TASK BRIEF —
In this exercise, restate the listing word for word.

RAW DATA —
=== Section Start ===

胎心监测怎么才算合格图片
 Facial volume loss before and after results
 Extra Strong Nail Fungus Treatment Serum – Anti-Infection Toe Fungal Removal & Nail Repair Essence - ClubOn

=== Section End ===

REPLY —
胎心监测怎么才算合格图片
 Facial volume loss before and after results
 Extra Strong Nail Fungus Treatment Serum – Anti-Infection Toe Fungal Removal & Nail Repair Essence - ClubOn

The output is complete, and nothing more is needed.